Środowisko rzeczoznawców ostro protestuje.
Projekt przewiduje, że rzeczoznawcą majątkowym będzie można zostać po ukończeniu studiów wyższych, czyli także po licencjackich. Obecnie zaś trzeba mieć co najmniej studia magisterskie. Parlamentarzyści pozostawili wprawdzie obowiązujący teraz wymóg ukończenia studiów podyplomowych w zakresie wyceny nieruchomości, ale nie wszyscy będą musieli je kończyć. Z tego obowiązku zwolnione zostaną osoby, które studiowały na kierunku obejmującym zajęcia z wyceny nieruchomości, potwierdzone suplementem do dyplomu lub zaświadczeniem uczelni. Przyszły rzeczoznawca będzie musiał – tak jak obecnie – ukończyć praktyki zawodowe, ale już skrócone do pół roku. I w tym wypadku przewidziano również wyjątki. Nie będą musiały ich odbywać osoby, które przeszły praktyki studenckie (realizowane na podstawie umowy zawartej między uczelnią a organizacją zawodową rzeczoznawców), a także mające dwuletnie doświadczenie związane z wyceną. Projekt przewiduje ponadto, że egzaminu dopuszczającego do zawodu rzeczoznawcy nie będą zdawały osoby, które otrzymają dyplom ukończenia studiów wyższych na kierunku obejmującym m.in. wycenę nieruchomości.

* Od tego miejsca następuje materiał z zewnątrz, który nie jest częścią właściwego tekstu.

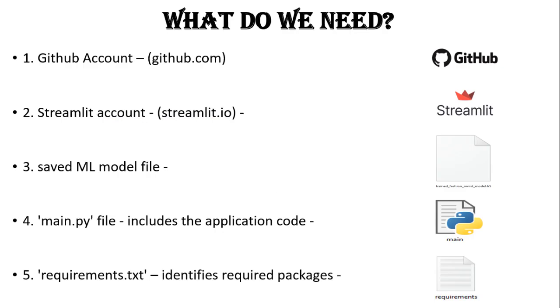Now, what do we need? 1. Github account to create our project. 2. Streamlit account. 3. Our saved ML model file. 4. The main.py file that includes the application code. 5. The requirements.txt which identifies required packages.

Wystarczy, że ich wiedzę sprawdzi w postępowaniu kwalifikacyjnym uczelnia.
Deregulacja rzeczoznawców to przede wszystkim pomysł Bartłomieja Banaszaka, rzecznika absolwentów, ostatecznie zaakceptowany przez posłów. W trakcie prac nadzwyczajnej komisji stwierdził on, że obecne wymagania od kandydatów na rzeczoznawców są zbyt wygórowane i w zupełności wystarczy np. licencjat oraz odpowiednia ilość zajęć z wyceny.
– Tryb wprowadzenia tych zmian jest niedopuszczalny – twierdzi Krzysztof Bratkowski, prezydent Polskiej Federacji Stowarzyszeń Rzeczoznawców Majątkowych. Tłumaczy, że pierwotnie projekt rządowy w ogóle nie przewidywał deregulacji tego zawodu. – Nikt z nami ich nie konsultował. To skandal. Tak nie powinno się tworzyć prawa. Jeżeli ustawa zostanie uchwalona w takim kształcie, złożymy skargę do Trybunału Konstytucyjnego – zapowiada.
– Nie wyobrażam sobie, że osoba tuż po studiach, tylko po praktyce zawodowej, ma wyceniać majątek wart miliony złotych – dodaje Krzysztof Urbańczyk, rzeczoznawca majątkowy. – Ta ustawa nie przysporzy nowych miejsc pracy – uważa.